**EXERCISE**:
Search the entries below for "New 2025 Volkswagen Taos SE AWD/4WD image 18". Give that line and all the lines after it again, exactly, through the last, without pictures.

**SUPPLIED MATERIAL**:
--------
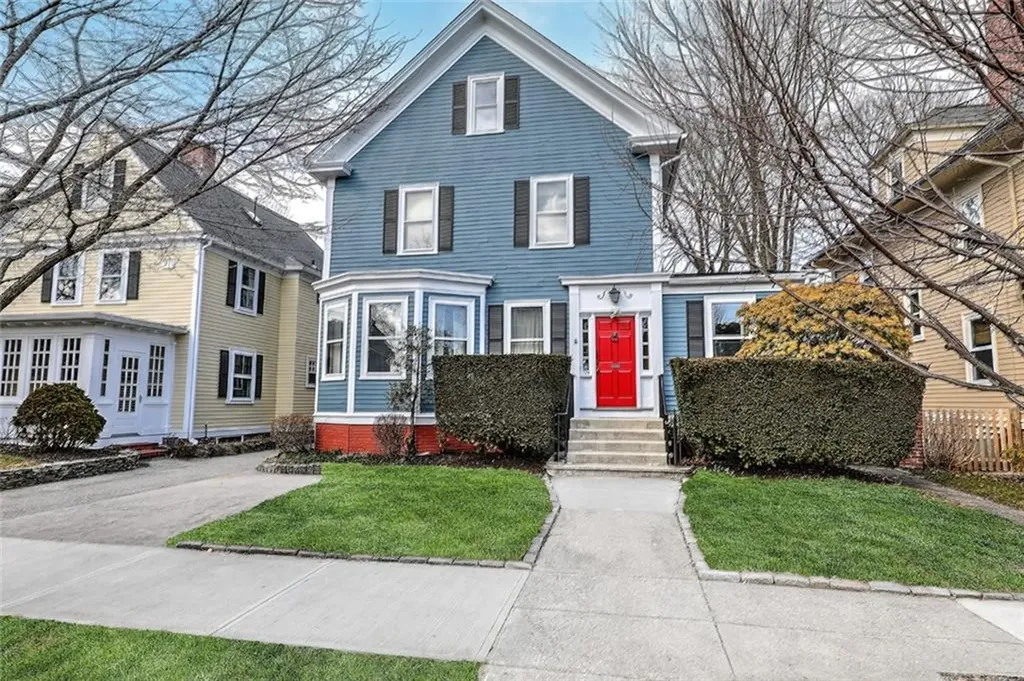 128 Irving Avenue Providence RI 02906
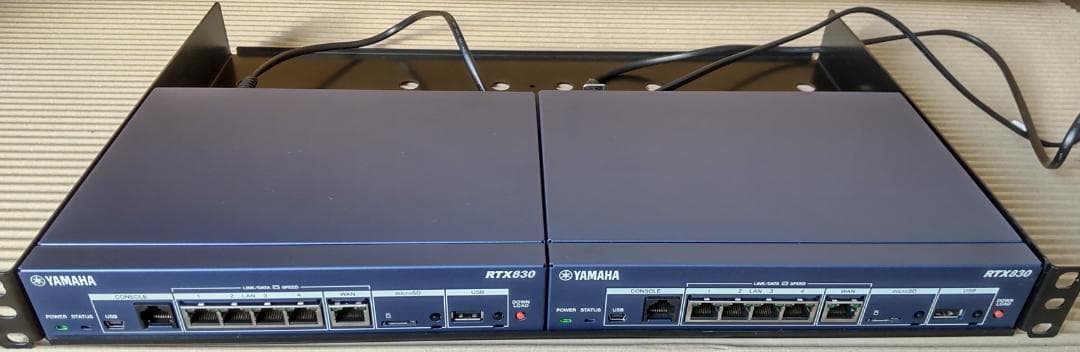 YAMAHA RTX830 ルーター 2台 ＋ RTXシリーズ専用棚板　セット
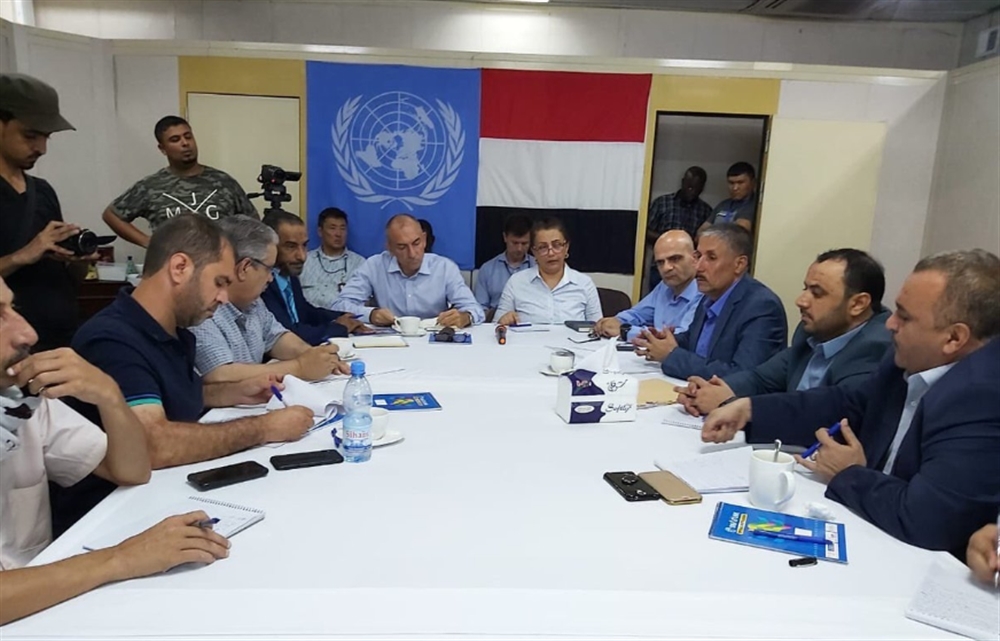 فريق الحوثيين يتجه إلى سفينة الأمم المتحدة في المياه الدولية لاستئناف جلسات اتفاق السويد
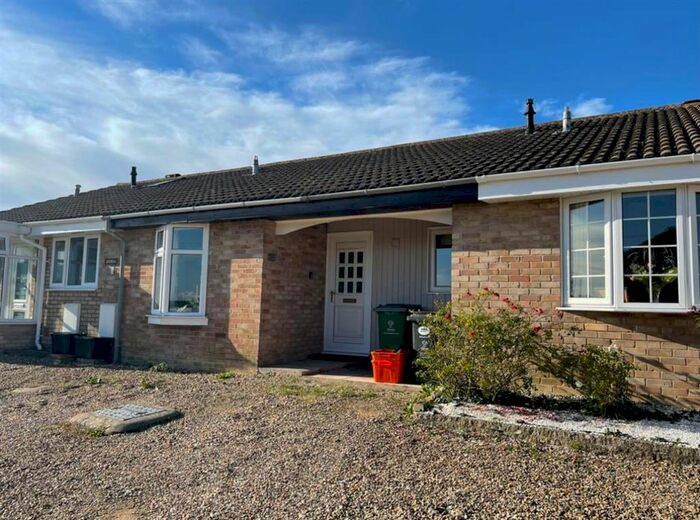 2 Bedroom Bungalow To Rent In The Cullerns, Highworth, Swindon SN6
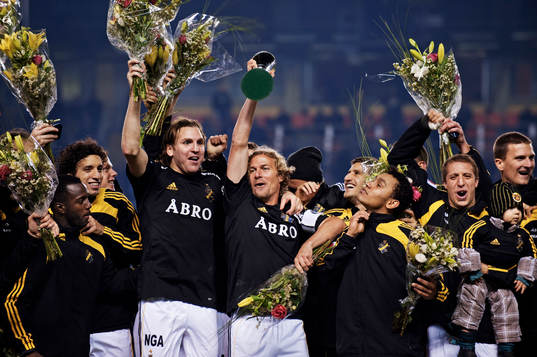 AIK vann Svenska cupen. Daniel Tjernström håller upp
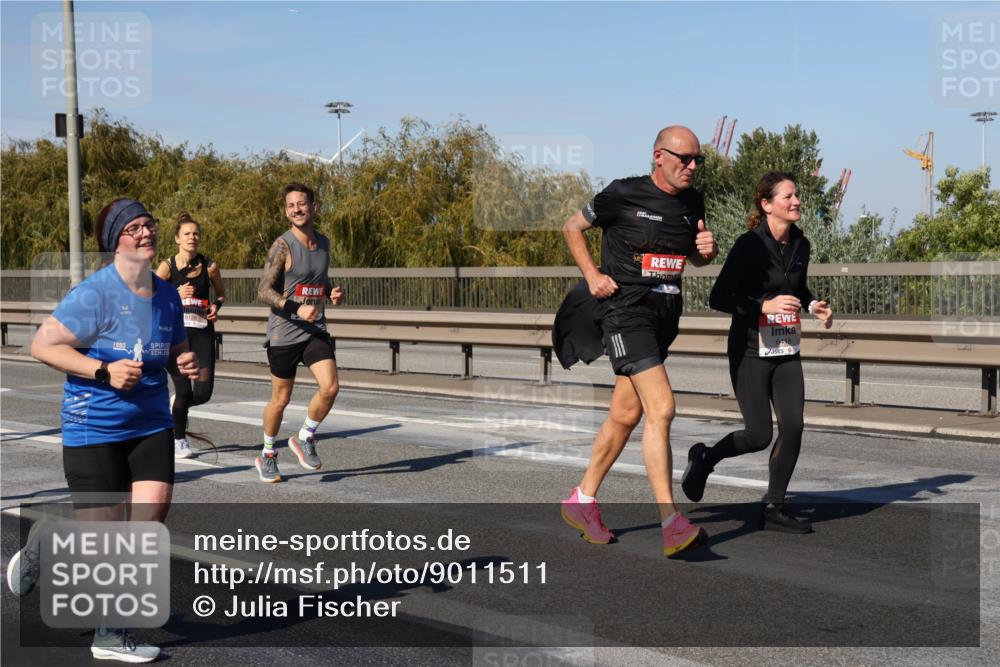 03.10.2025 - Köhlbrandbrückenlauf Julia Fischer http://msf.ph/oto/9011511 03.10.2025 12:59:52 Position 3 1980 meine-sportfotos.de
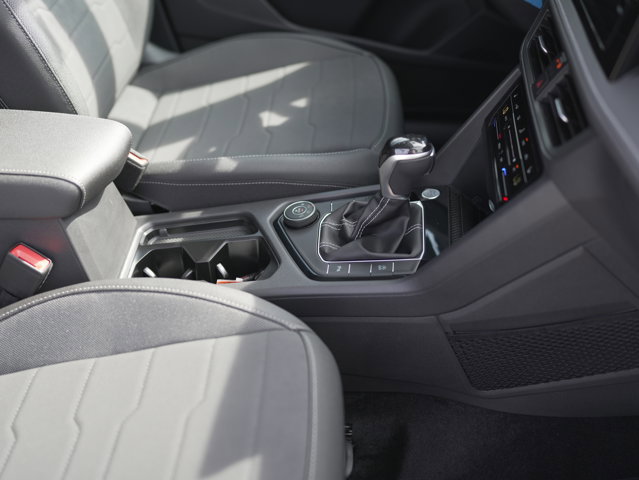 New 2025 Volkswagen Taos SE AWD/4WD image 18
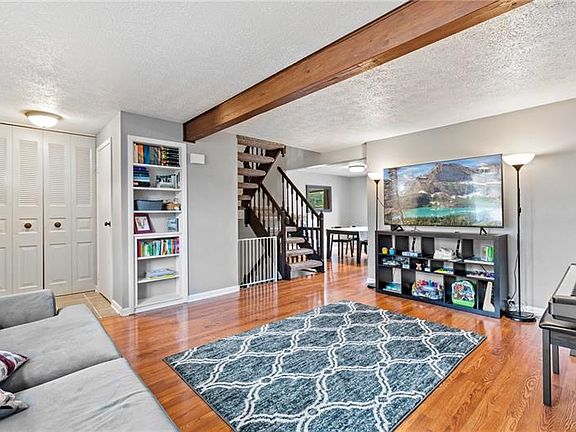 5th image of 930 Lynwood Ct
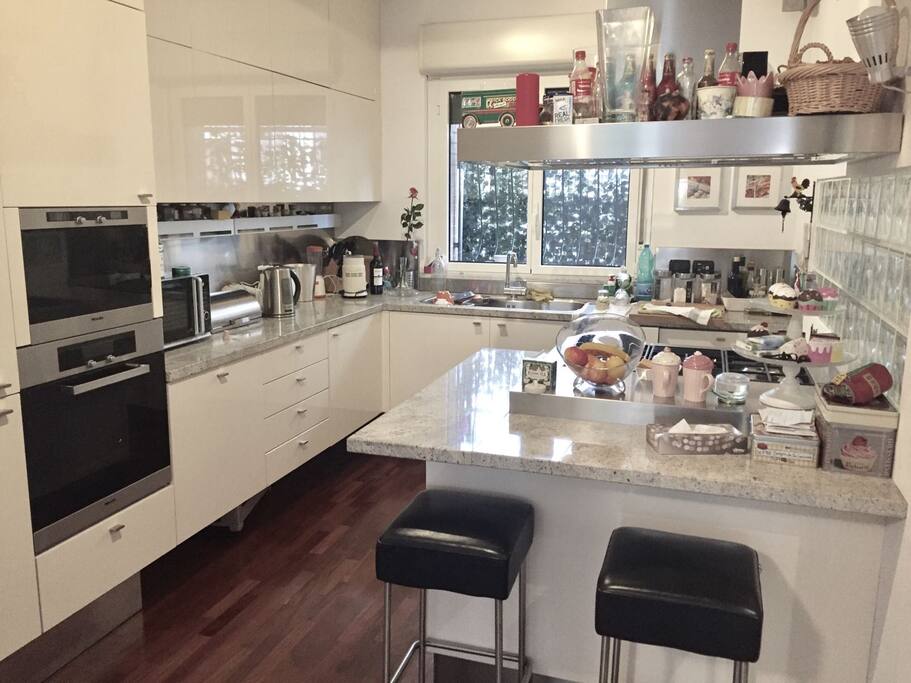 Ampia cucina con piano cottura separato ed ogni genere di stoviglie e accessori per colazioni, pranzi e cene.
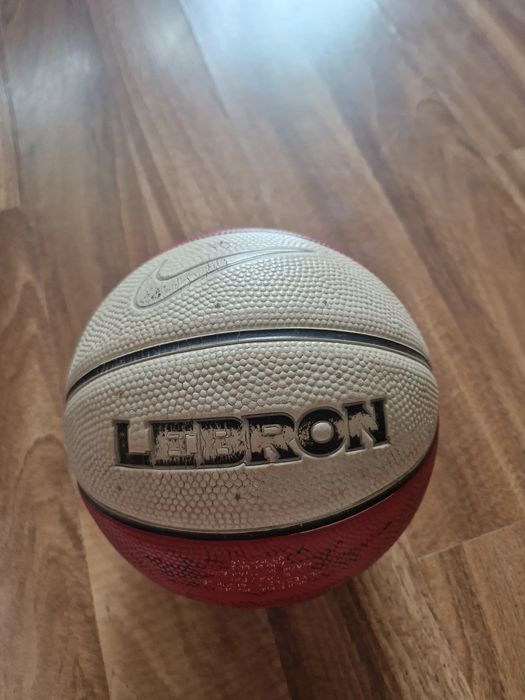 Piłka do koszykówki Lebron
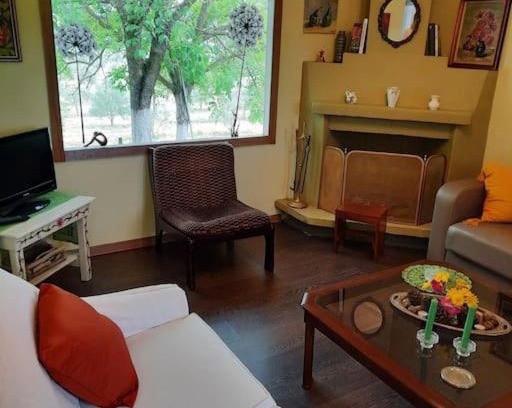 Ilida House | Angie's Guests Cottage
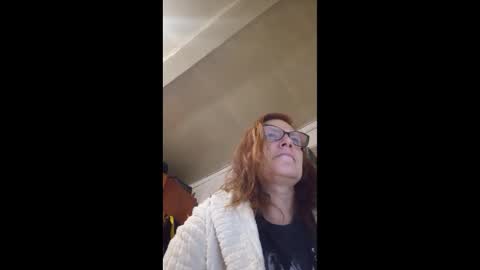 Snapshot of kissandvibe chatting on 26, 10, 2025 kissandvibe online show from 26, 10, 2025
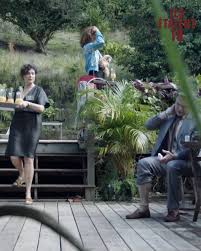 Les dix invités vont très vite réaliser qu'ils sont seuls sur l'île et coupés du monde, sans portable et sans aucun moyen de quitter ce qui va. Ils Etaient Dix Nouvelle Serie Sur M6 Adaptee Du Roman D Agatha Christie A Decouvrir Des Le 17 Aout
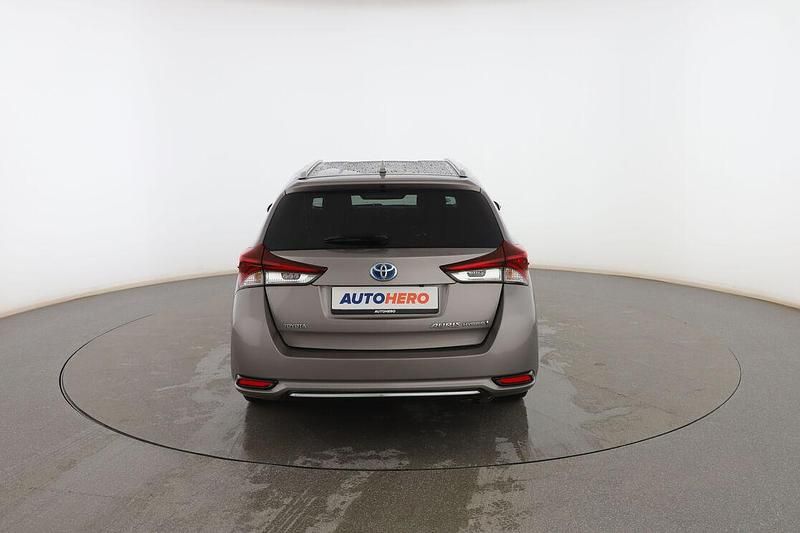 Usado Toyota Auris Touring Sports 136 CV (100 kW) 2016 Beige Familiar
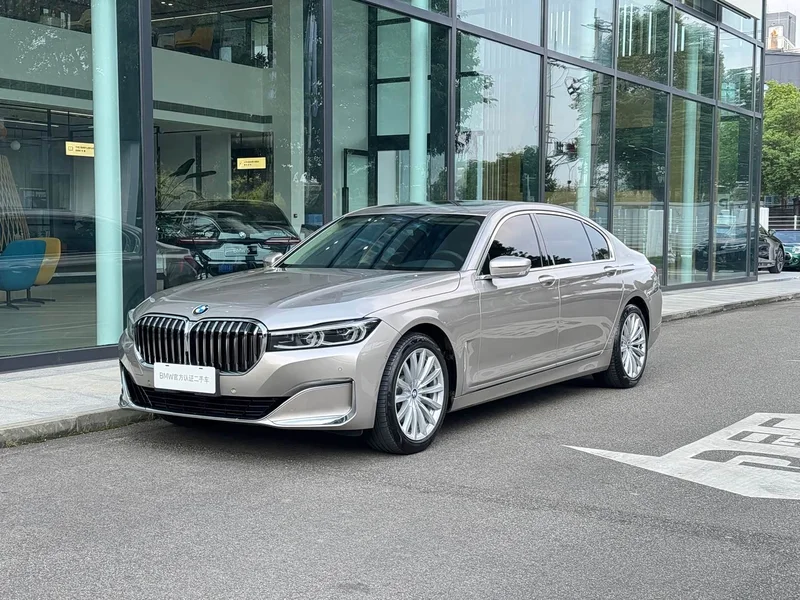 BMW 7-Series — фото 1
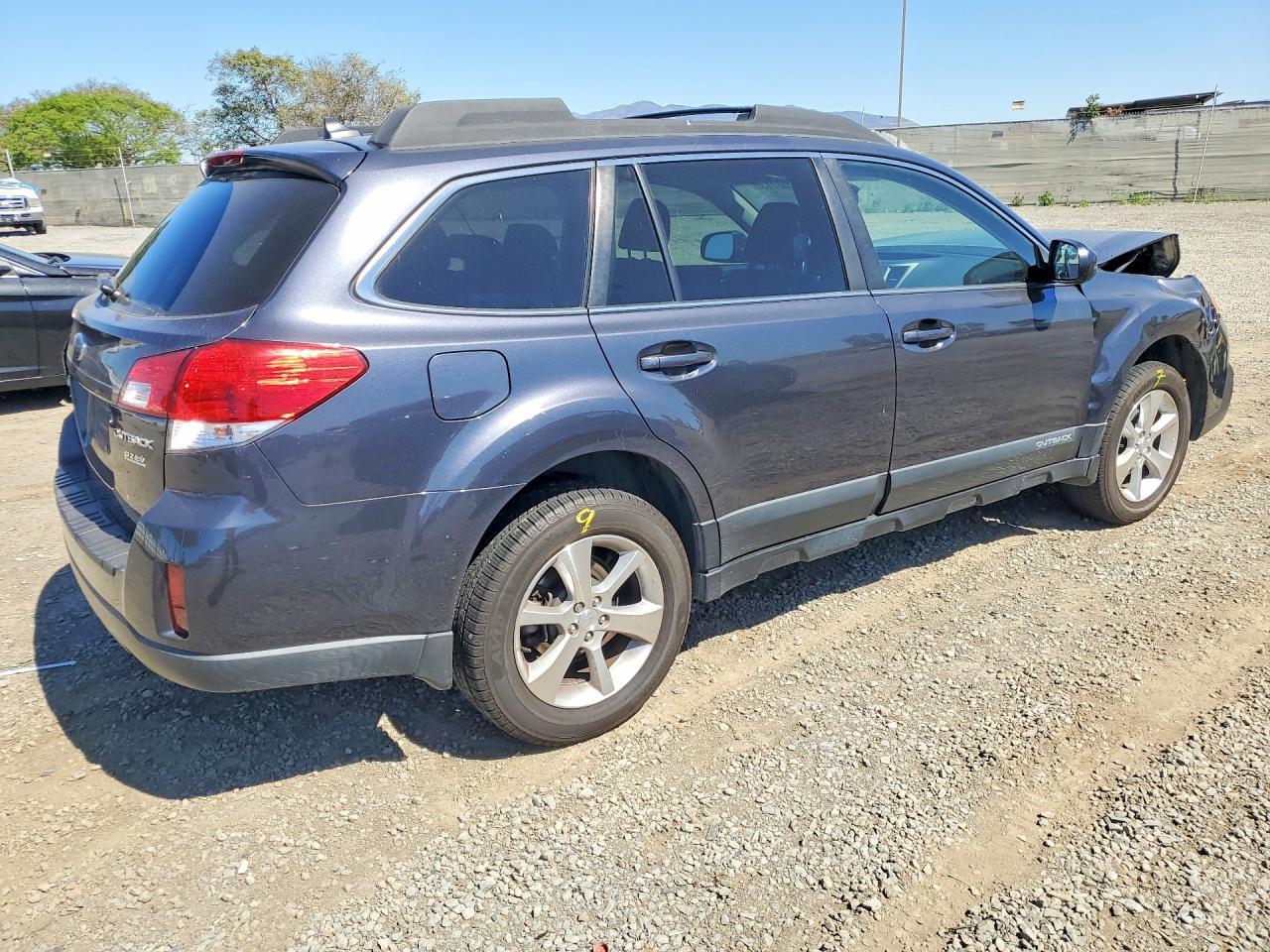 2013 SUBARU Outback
--------
**RESPONSE AREA**:
 New 2025 Volkswagen Taos SE AWD/4WD image 18
 5th image of 930 Lynwood Ct
 Ampia cucina con piano cottura separato ed ogni genere di stoviglie e accessori per colazioni, pranzi e cene.
 Piłka do koszykówki Lebron
 Ilida House | Angie's Guests Cottage
 Snapshot of kissandvibe chatting on 26, 10, 2025 kissandvibe online show from 26, 10, 2025
 Les dix invités vont très vite réaliser qu'ils sont seuls sur l'île et coupés du monde, sans portable et sans aucun moyen de quitter ce qui va. Ils Etaient Dix Nouvelle Serie Sur M6 Adaptee Du Roman D Agatha Christie A Decouvrir Des Le 17 Aout
 Usado Toyota Auris Touring Sports 136 CV (100 kW) 2016 Beige Familiar
 BMW 7-Series — фото 1
 2013 SUBARU Outback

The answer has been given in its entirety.